Great progress on increasing your net worth smilingsaver. Nothing beats the feeling of seeing a negative net worth to a positive one. Good luck in BC and hopefully the lower tax rate will help you save even more. I would love to read about your house hunting experience in BC. Hopefully, it’s not as crazy as Ontario.

7 years ago

Congrats on the new job and great progress this month. Wish you guys all the best. Never been to b.c I would love to go sometime

7 years ago

Hey great work and thanks for the updates and sharing the funny details of moving provinces.
We couldn’t believe how much cheese cost in Edmonton when we moved lived there (2001-2002)!

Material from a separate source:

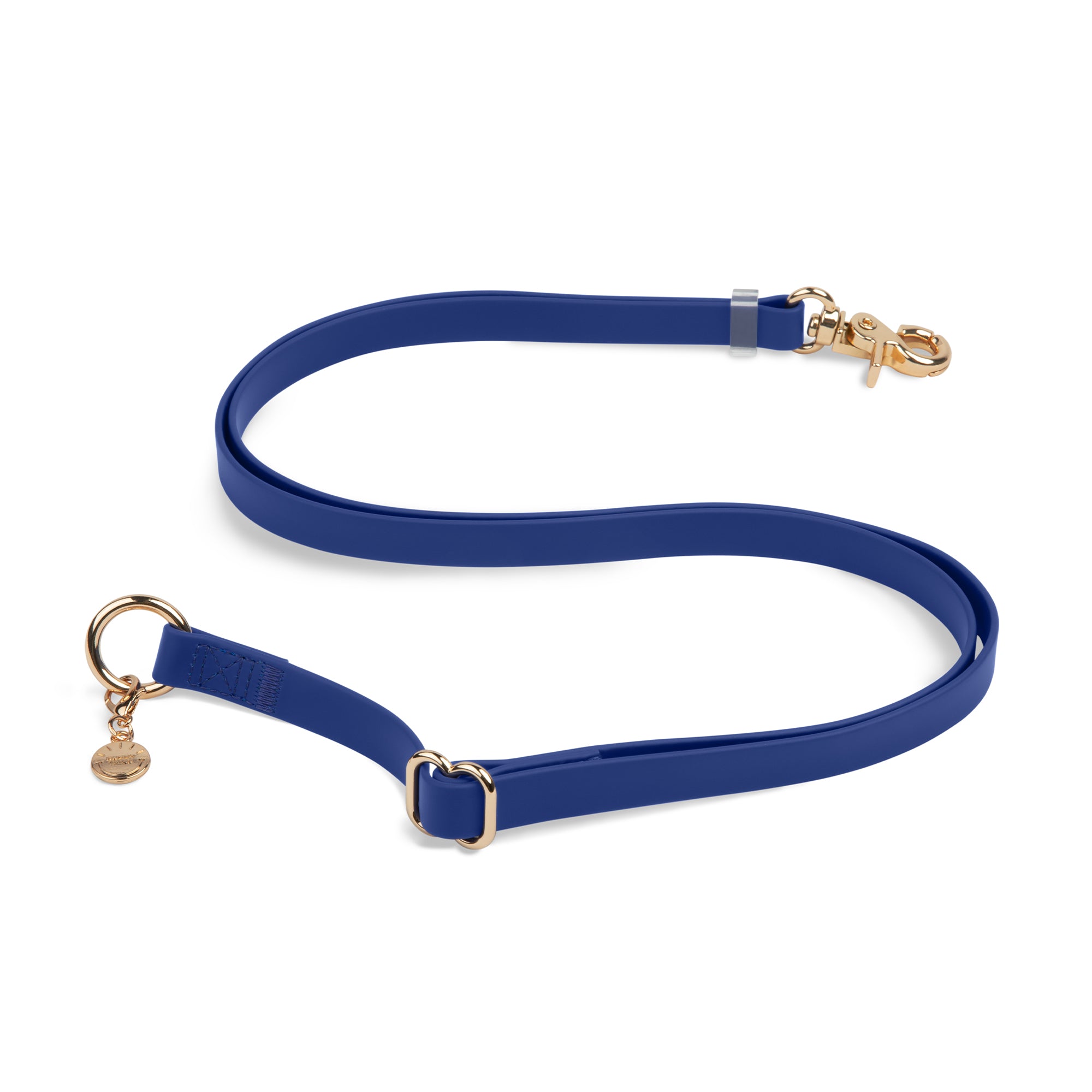 Signature Navy Cloud Leash 4-Way Extension | Leash Connector | Extend Leash or Add a Traffic Handle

I think you two are going to do great — looking forward to seeing the progress.

7 years ago

I admire your drive & will certainly enjoy watching your progress.
Also, an immigrant to Canada (’81 as an M.Eng), I spent everything I could spare foolishly accumulating rental properties while interest rates hovered around 18-19%.
Amused by my drive for ‘blood, sweat & tears equity’, my colleagues invested in large homes, new vehicles, vacations & failed marriages.
The rest is history & I retired at 49 with a healthy portfolio of properties all free & clear.
It was a tough, frugal, exhausting grind but worth the ultimate freedom from a JOB & worrying about ever having enough for retirement.
Taking full advantage of the maximum tax deductions of an RRSP, my Questrade RRSP generates in excess of $40k/yr in dividends.
Good luck & enjoy your journey to financial freedom !!!

7 years ago
Reply to  Pat

Hello Pat,

I love hearing success stories from people who make good financial decisions. I know this is SmilingSavers page (who is doing a great job) but, I’d like to know how many rentals you acquired and what type. Was it the rentals or the dividend investments that were more advantageous for your success?

7 years ago

You should be able to move the LIRA funds into an RRSP because its under $10,000. Which should be easier down the road should you needs funds, and especially if there are account minimum fees.